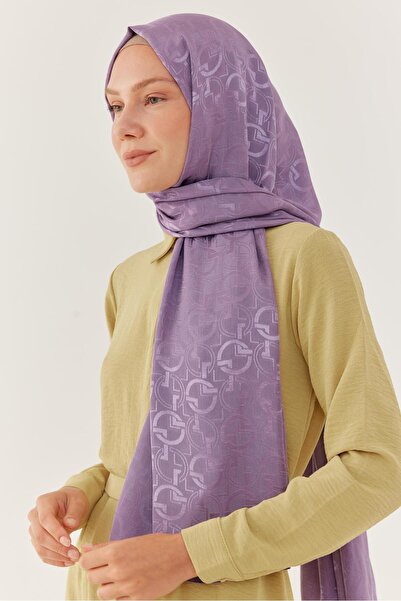 MİRSOY SCARF Daka Desen Parlak Jakar Şal - Lavanta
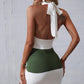 Color Block Halter Neck Knit Dress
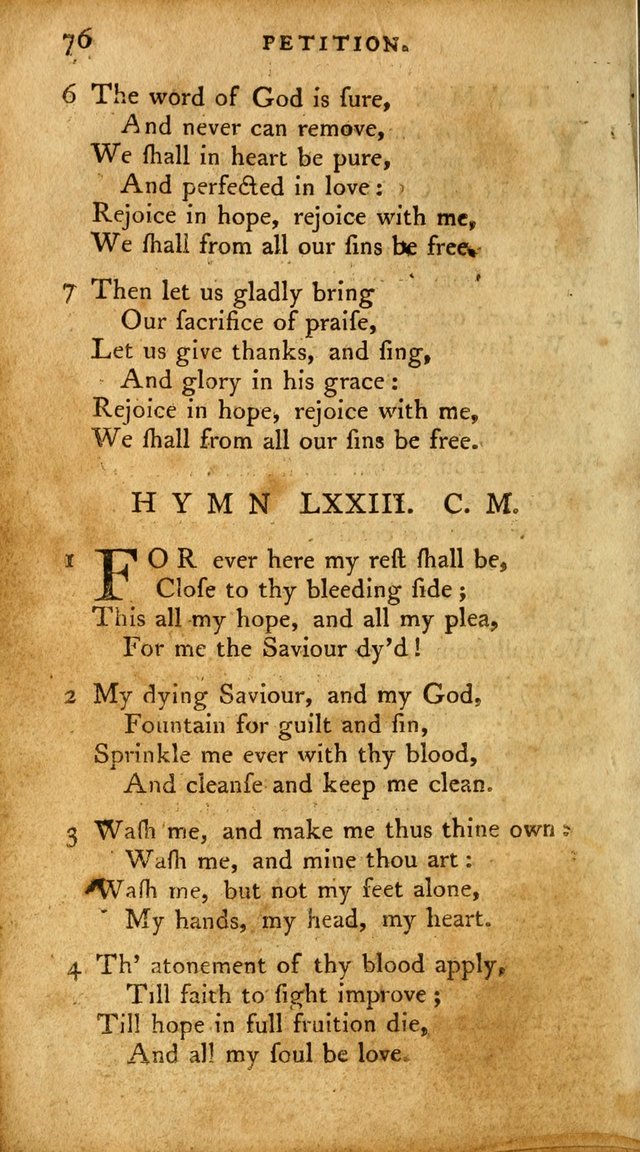 A Pocket Hymn Book, Designed as a Constant Companion for the Pious,  Collected from Various Authors. 28th ed. page 76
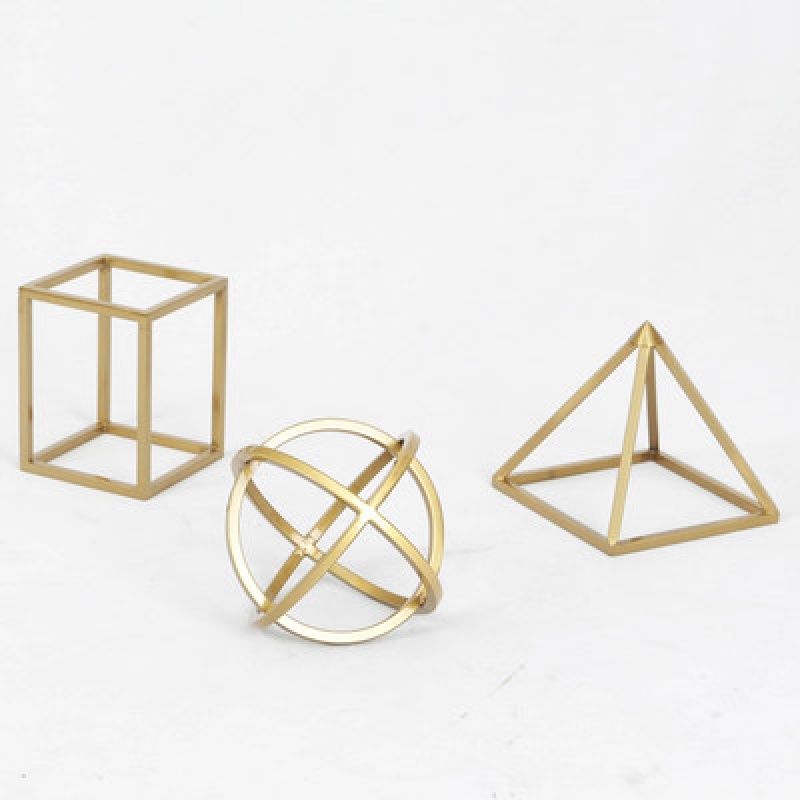 北欧简约铁艺几何家居饰品样板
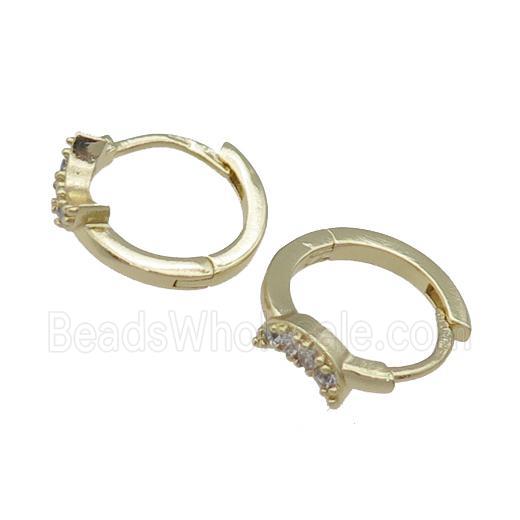 copper Hoop Earring pave zircon, moon, gold plated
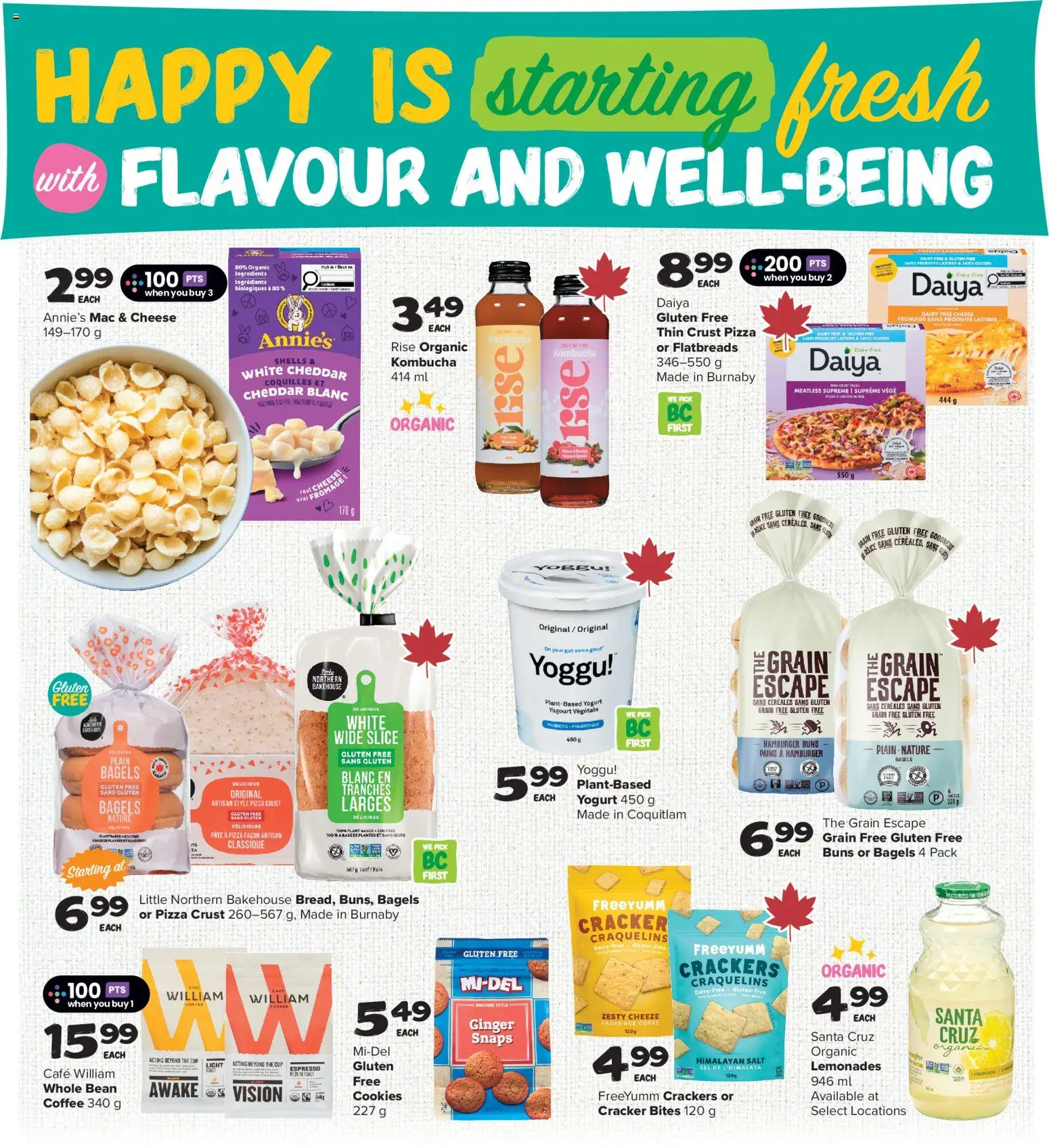 Thrifty Foods flyer valid from 18.06.2026 | Page: 9 | Products: Cookies, Yogurt, Pizza, Juice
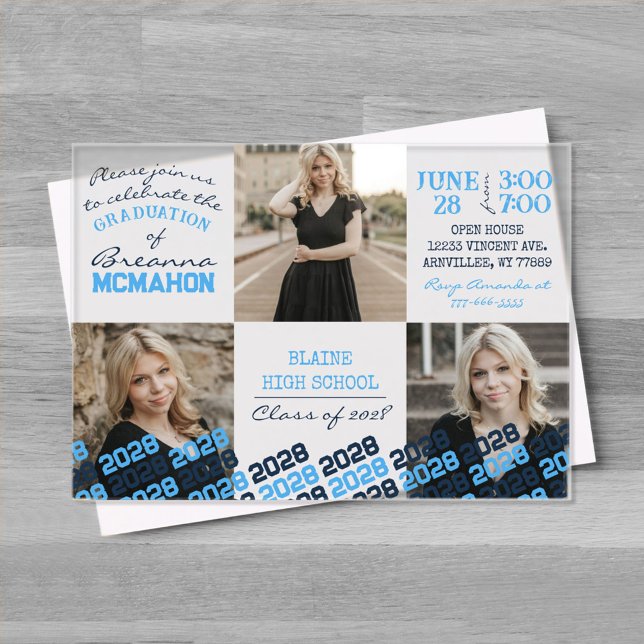 Invitaciones Acrílicas Bebé Azul y graduación de la Marina 3 Foto Frotada (Unique Baby Blue and Navy Blue Graduation Acrylic Party Invitations)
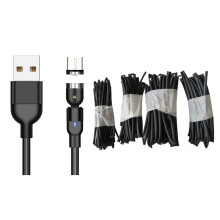 Lot de 4 gaines thermorétractables avec câble magnétique 540 - Charge rapide USB Type C pour téléphone - Chargeur magnétique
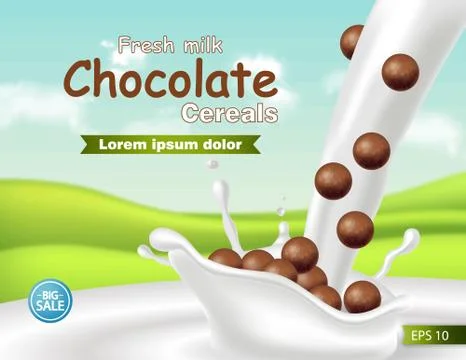 Chocolate cereals in milk splash Vector realistic mock up. Product placement  Stockillustratie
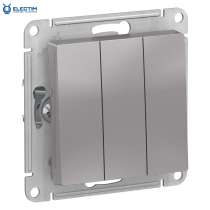 3-клавишный выключатель, сх.1+1+1, 10АХ, механизм, Алюминий, в г.Минск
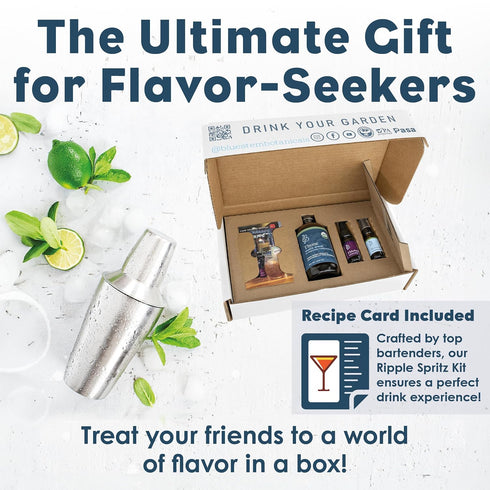 75) Set 3 12 Bluestem Botanicals, Ripple Spritz (French Gin Mixer Gift for Craft Cocktails, Organic Herbal Extract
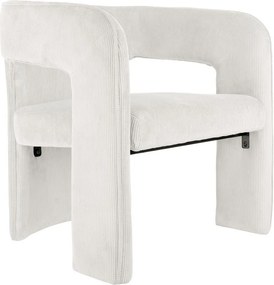 Biele menčestrové kreslo Vigor – Leitmotiv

####################

WHAT THE TASK ASKS: Word for word, output the whole listing, but not its pictures.

FINAL ANSWER:
 MİRSOY SCARF Daka Desen Parlak Jakar Şal - Lavanta
 Color Block Halter Neck Knit Dress
 A Pocket Hymn Book, Designed as a Constant Companion for the Pious,  Collected from Various Authors. 28th ed. page 76
 北欧简约铁艺几何家居饰品样板
 copper Hoop Earring pave zircon, moon, gold plated
 Thrifty Foods flyer valid from 18.06.2026 | Page: 9 | Products: Cookies, Yogurt, Pizza, Juice
 Invitaciones Acrílicas Bebé Azul y graduación de la Marina 3 Foto Frotada (Unique Baby Blue and Navy Blue Graduation Acrylic Party Invitations)
 Lot de 4 gaines thermorétractables avec câble magnétique 540 - Charge rapide USB Type C pour téléphone - Chargeur magnétique
 Chocolate cereals in milk splash Vector realistic mock up. Product placement  Stockillustratie
 3-клавишный выключатель, сх.1+1+1, 10АХ, механизм, Алюминий, в г.Минск
 75) Set 3 12 Bluestem Botanicals, Ripple Spritz (French Gin Mixer Gift for Craft Cocktails, Organic Herbal Extract
 Biele menčestrové kreslo Vigor – Leitmotiv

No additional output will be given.